Re: Test 73 Sig_trap fails on arm64 (was Re: [PATCH] perf test: Test 73 Sig_trap fails on s390)

From: Dmitry Vyukov
Date: Wed Feb 16 2022 - 06:54:33 EST


On Wed, 16 Feb 2022 at 12:47, John Garry <john.garry@xxxxxxxxxx> wrote:
>
> Hi Will,
>
> > Sorry, I haven't had time to look at this (or the thousands of other mails
> > in my inbox) lately.
> >
>
> Thanks
>
> > I don't recall all of the details, but basically hw_breakpoint really
> > doesn't work well on arm/arm64 -- the sticking points are around handling
> > the stepping and whether to step into or over exceptions. Sadly, our ptrace
> > interface (which is what is used by GDB) is built on top of hw_breakpoint,
> > so we can't just rip it out and any significant changes are pretty risky.
> >
> > What I would like to happen is that we rework our debug exception handling
> > as outlined by [1] so that kernel debug is better defined and the ptrace
> > interface can interact directly with the debug architecture instead of being
> > funnelled through hw_breakpoint. Once we have that, I think we could try to
> > improve hw_breakpoint much more comfortably (or at least defeature it
> > considerably without having to worry about breaking GDB).
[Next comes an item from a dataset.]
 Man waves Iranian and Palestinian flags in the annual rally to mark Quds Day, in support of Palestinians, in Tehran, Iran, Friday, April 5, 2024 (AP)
I started this a
> > couple of years ago, but I haven't found time to get back to it for ages.
> >
> > Anyway, to this specific test...
> >
> > When we hit a break/watchpoint the faulting PC points at the instruction
> > which faulted and the exception is reported before the instruction has had
> > any other side-effects (e.g. if a watchpoint triggers on a store, then
> > memory will not have been updated when the watchpoint handler runs), so if
> > we were to return as usual after reporting the exception to perf then we
> > would just hit the same break/watchpoint again and we'd get stuck. GDB
> > handles stepping over the faulting instruction, but for perf (and assumedly
> > these tests), the kernel is expected to handle the step. This handling
> > amounts to disabling the break/watchpoint which we think we hit and then
> > attempting a hardware single-step. During the step we could run into more
> > break/watchpoints on the same instruction, so we'll keep disabling things
> > until we eventually manage to complete the step, which is signalled by a
> > specific type of debug exception. At this point, we re-enable the
> > break/watchpoints and we're good.
> >
> > Signals make this messy, as the step logic will step_into_ the signal
> > handler -- we have to do this, otherwise we would miss break/watchpoints
> > triggered by the signal handler if we had disabled them for the step.
> > However, it means that when we return back from the signal handler we will
> > run back into the break/watchpoint which we initially stepped over. When
> > perf uses SIGTRAP to notify userspace that we hit a break/watchpoint,
> > then we'll get stuck because we'll step into the handler every time.
> >
> > Hopefully that clears things up a bit. Ideally, the kernel wouldn't
> > pretend to handle this stepping at all for arm64 as it adds a bunch of
> > complexity, overhead to our context-switch and I don't think the current
> > behaviour is particularly useful.
> >
>
> Right, so what I am hearing altogether is that for now we should just
> skip this test.
>
> And since the kernel does not seem to advertise this capability we need
> to disable for specific architectures.

It does and fwiw I am just trying to use it. Things work only on x86 so far.